Tuesday, April 28, 2009

Book Hooks Day 2

What is a hook?

It is not the thing dangling at the end of a fishing line, but pretty darn close. A hook is a concise, tagline for your book. It hooks your reader’s interest, and reels them in.

It refers to the first line, paragraph, or page of a story, or sometimes all three. It is the first impression a reader has of the story and the first impression an editor or agent has of a submission. For both, it may mean the difference between buying this story and buying something else.

Why do you need them?

The hook is the part of the story that draws the reader in. It says, "This is the one you want to read." Since the first person to read your completed story will be an editor or agent who has millions of books, proposals, and contracts to read, if he/she doesn’t like the very beginning they will not be reading any further. Neither would any other reader who has a few minutes to grab a book and go.

Where can you see a hook?

The best way to understand how to write a hook is to read a few examples.

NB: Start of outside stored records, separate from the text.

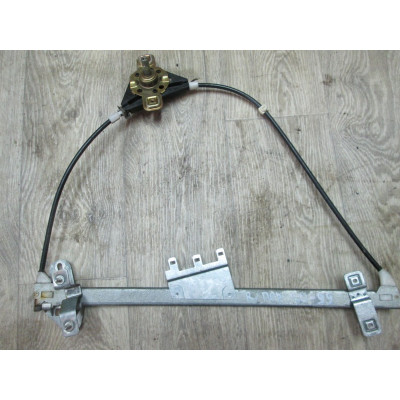  Стекло двери передней правой к  Volvo  440,  1995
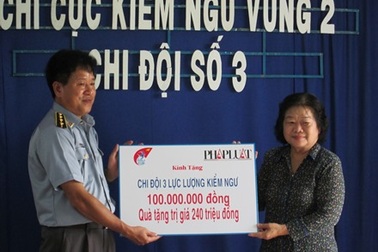 Nguyên Phó Chủ tịch nước thăm lực lượng kiểm ngư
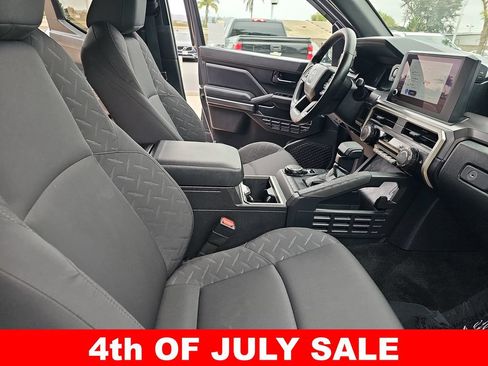 Used 2025 Toyota Tacoma SR5 AWD/4WD image 10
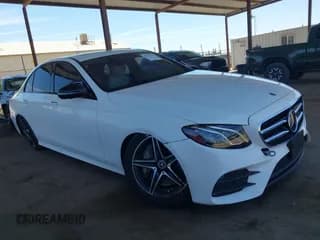 ✅ 2019 Mercedes-Benz E 300 • VIN: WDDZF4JB4KA525000 • Lot: 42853262. Wystawiony na IAAI z przebiegiem 67 337 mil. Bezpłatny archiwum sprzedaży aukcyjnych z USA i szczegółowy raport historii pojazdu na DreamBid. Zdjęcie 1.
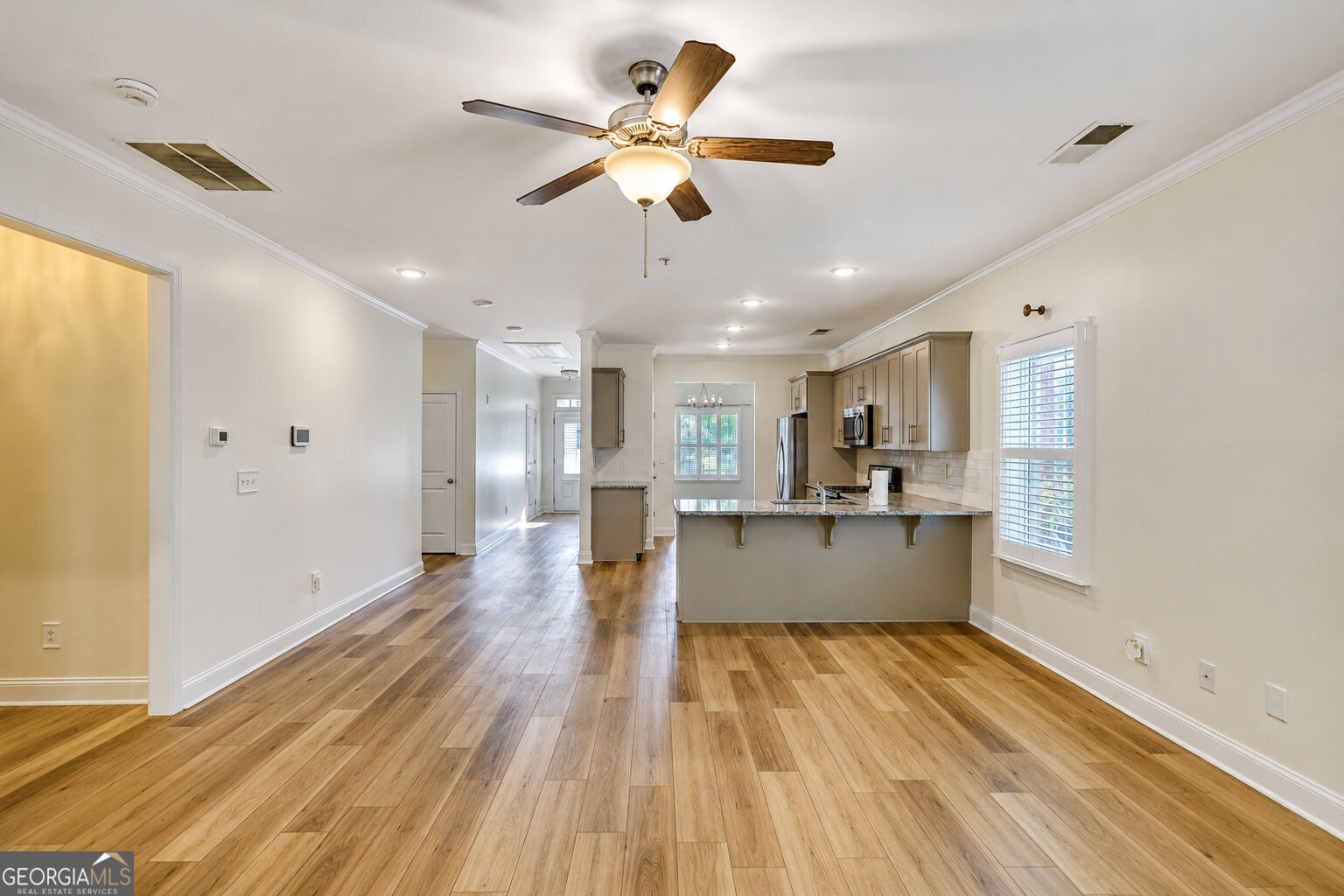 9120 Leverett Circle Property Photo 14
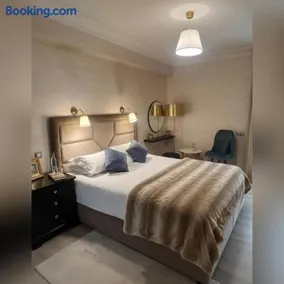 Miramare Cosy appartement pied dans l'eau avec piscine - Image 3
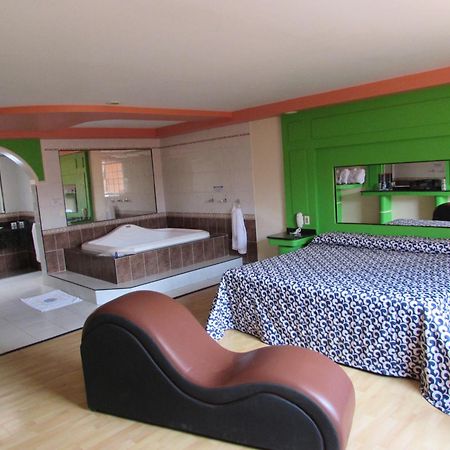 Motel Gran Vallarta (Adults Only) Celaya  Exterior photo
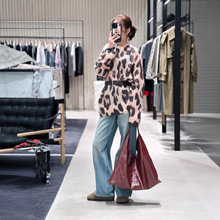 ؍ͬᘿ2025ƷyëºRëAIe|^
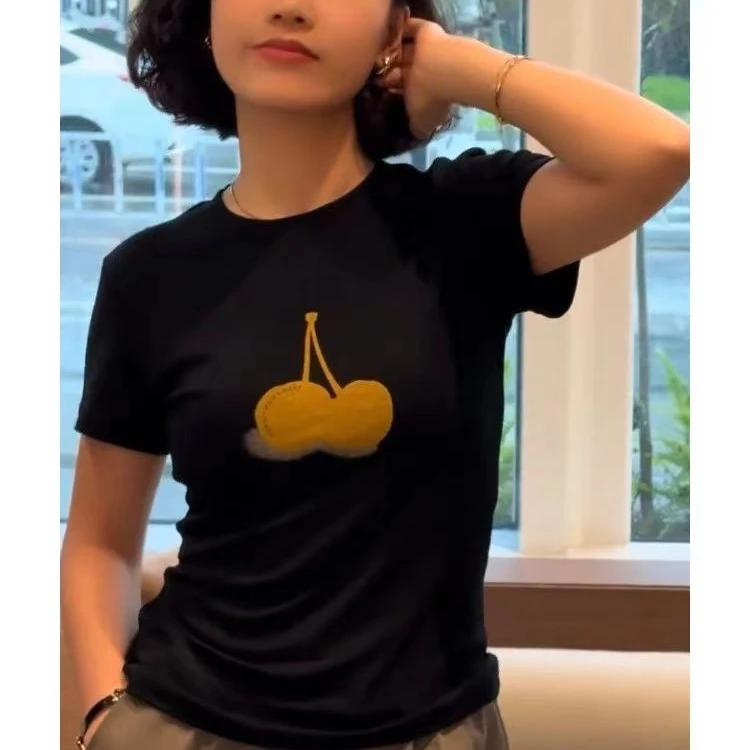 特别漂亮掐腰上衣正肩显瘦黑色修身樱桃印花圆领T恤女2025初夏季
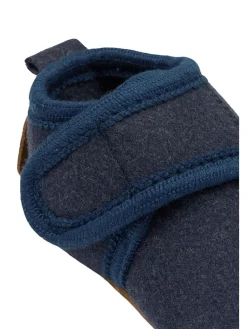 Buty w kolorze granatowym do nauki chodzenia
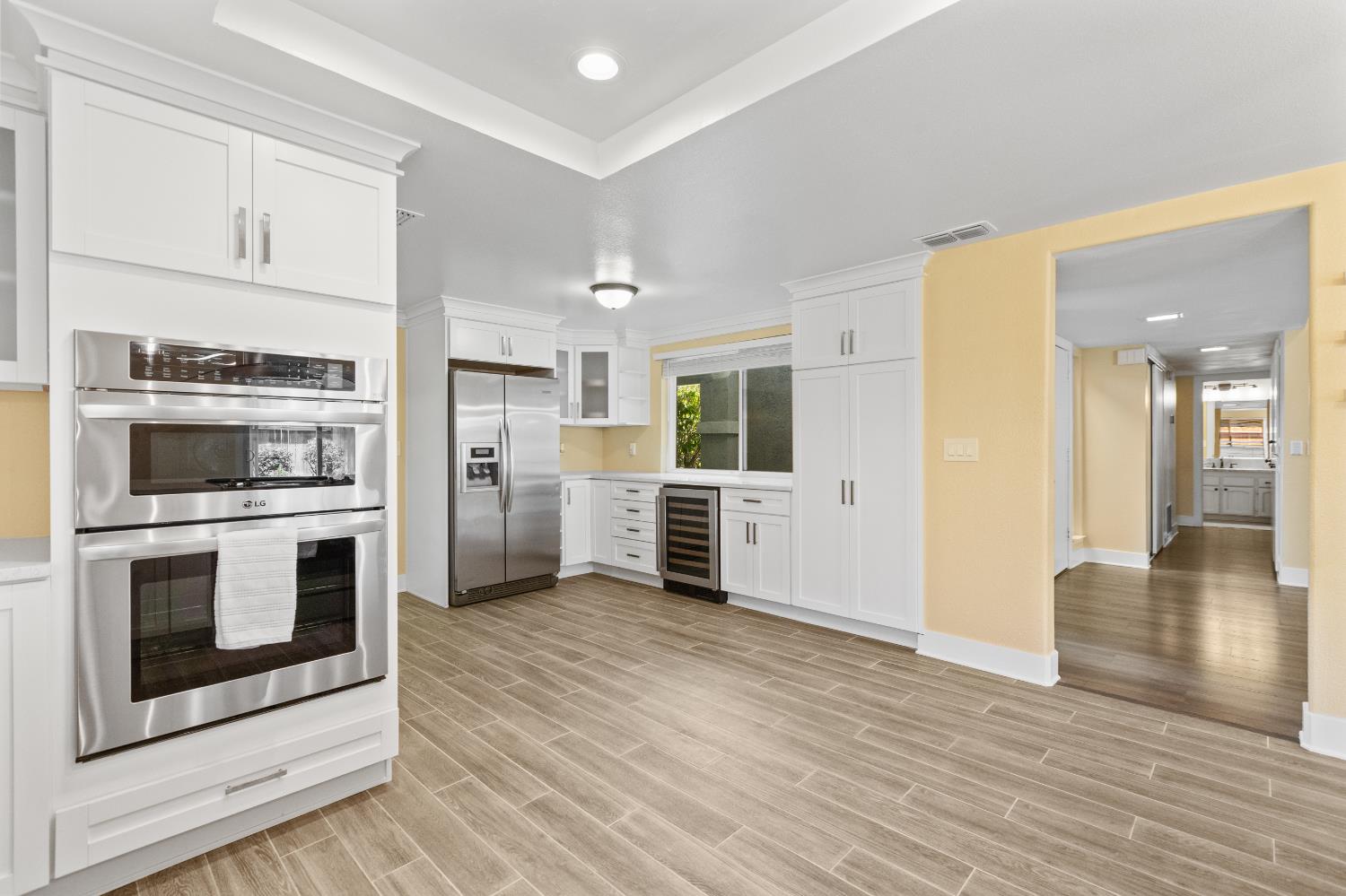 Glen Alder Way, Sacramento, CA, 95826-4058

Your exercise, should you choose to accept it, is to post 5 examples of hooks from books that you have READ, not written. Why am I suggesting that? Because. . . what made you buy the book? Show us what made you buy 5 books. It can be the first sentence, the first paragraph, or the beginning of the jacket blurb. You choose.

EXERCISE:

1. Roger Seagraves walked out of the U.S. Capitol after an interesting meeting that, surprisingly, had had little to do with politics. That evening he sat alone in the living room of his modest suburban home after arriving at an important decision. He had to kill someone, and that someone was a very significant target. Instead of a daunting proposition, Seagraves saw it as a worthy challenge. ~first paragraph from The Collectors by David Baldacci

2. She was dead the minute she answered the ’link. ~ first sentence from Promises in Death by JD Robb

3. When Lizzie Rush uncovers evidence that thrill-seeking billionaire Norman Estabrook may be at the center of an international criminal network, she finds herself playing a dangerous game of cat and mouse. ~first sentence of jacket blurb from The Mist by Carla Neggers

4. Ellen Gleeson was unlocking her front door when something in the mail caught her attention. It was a white card with photos of missing children, and one of the little boys looked oddly like her son. ~first two sentences from Look Again by Lisa Scottoline

5. THERE ARE SOME men who enter a woman’s life and screwit up forever. ~first sentence from One for the Money by Janet Evanovich


Don't forget to share your examples! See you tomorrow.

3 comments:

Carmen Shirkey April 28, 2009 at 9:38 PM  

The summer sun was busy broiling the asphalt from Chicago's streets, the agony in my head kept me horizontal for half a day, and some idiot was pounding on my apartment door - Jim Butcher, TURNCOAT

Things never turn out the way you think they will. -Michael Crichton, Prey

Admittedly, I picked these books up because I like the authors already, but one sentence, and you're hooked!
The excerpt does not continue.